> Work required
All lines from the opening of the entries below through the line containing "Spletna kamera Rovinj panorama mesta | Istra" must be output exactly as they appear, with no other lines.

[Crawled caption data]
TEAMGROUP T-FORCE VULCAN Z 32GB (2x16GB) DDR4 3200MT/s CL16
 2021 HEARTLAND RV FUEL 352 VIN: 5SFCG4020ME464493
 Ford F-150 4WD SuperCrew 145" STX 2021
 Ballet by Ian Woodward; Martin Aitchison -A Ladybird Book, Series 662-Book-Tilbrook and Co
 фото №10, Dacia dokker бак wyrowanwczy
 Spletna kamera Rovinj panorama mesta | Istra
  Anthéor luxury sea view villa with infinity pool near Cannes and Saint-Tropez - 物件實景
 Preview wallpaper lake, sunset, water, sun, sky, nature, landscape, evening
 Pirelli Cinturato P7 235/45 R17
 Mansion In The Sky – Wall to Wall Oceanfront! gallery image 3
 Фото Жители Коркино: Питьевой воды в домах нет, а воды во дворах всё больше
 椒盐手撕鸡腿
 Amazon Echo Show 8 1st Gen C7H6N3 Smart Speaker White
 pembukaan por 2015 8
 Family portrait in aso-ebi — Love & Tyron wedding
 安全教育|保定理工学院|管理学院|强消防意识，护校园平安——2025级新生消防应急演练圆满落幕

> Output of the exercise
TEAMGROUP T-FORCE VULCAN Z 32GB (2x16GB) DDR4 3200MT/s CL16
 2021 HEARTLAND RV FUEL 352 VIN: 5SFCG4020ME464493
 Ford F-150 4WD SuperCrew 145" STX 2021
 Ballet by Ian Woodward; Martin Aitchison -A Ladybird Book, Series 662-Book-Tilbrook and Co
 фото №10, Dacia dokker бак wyrowanwczy
 Spletna kamera Rovinj panorama mesta | Istra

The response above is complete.